Abstract

Climate models help us simulate and predict how the Earth’s climate is going to change in the future. Wind speed data is critical for developing and validating such models. However, in the real world, often owing to many factors such as station maintenance and sensor failures, a considerable amount of wind data goes missing. The Generative Adversarial Network (GAN) has been used to impute missing wind data, but the handling of unrealistic GAN output has remained largely unstudied. In this paper, we propose a novel hybrid approach that combines both the GAN and dual annealing algorithms to not only impute missing wind speed data but also counter unrealistic GAN outcomes. The hourly mean wind data has been collected from the National Centers for Environmental Information for four Indian stations, viz. Ahmedabad, Indore, Mangaluru and Mumbai.

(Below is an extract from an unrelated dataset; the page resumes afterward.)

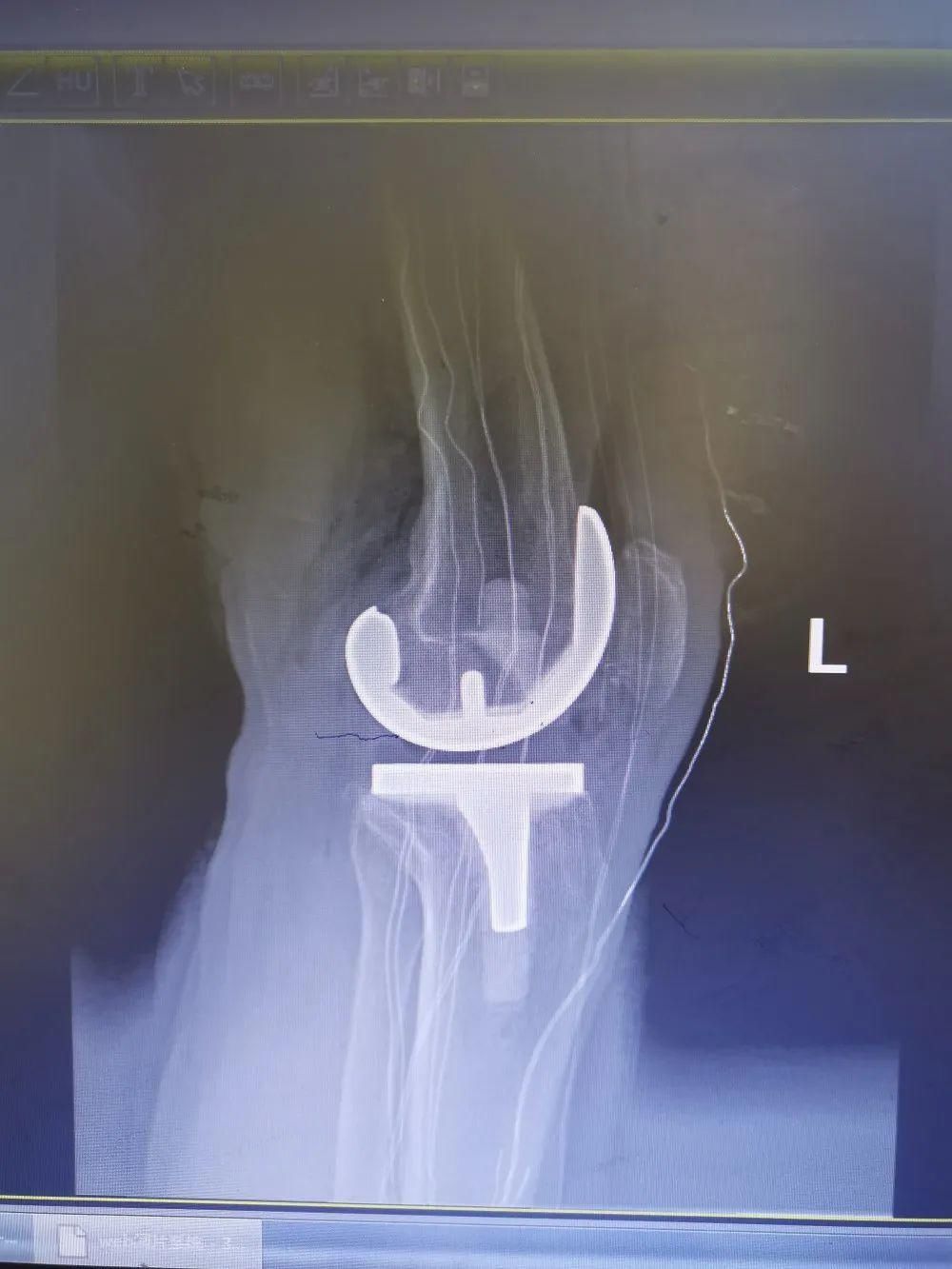 身患|身患双膝骨性关节炎10年的古稀老人最近又能愉快的行走了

We compared the performance of the proposed approach with those of k-nn, soft imputation, and plain GAN-based approaches on mean, variance, standard deviation, kurtosis, skewness, and R-square. We found that our approach ranks number one based on the R-square value for all the considered stations. Our model consistently produces realistic results, unlike plain GAN. We observed that Mumbai has the lowest percentage of missing data (13.14%) and the highest R-square value (0.9999186451). However, Indore has the highest percentage of missing data (46.6463%) and the lowest R-square value (0.9046885604).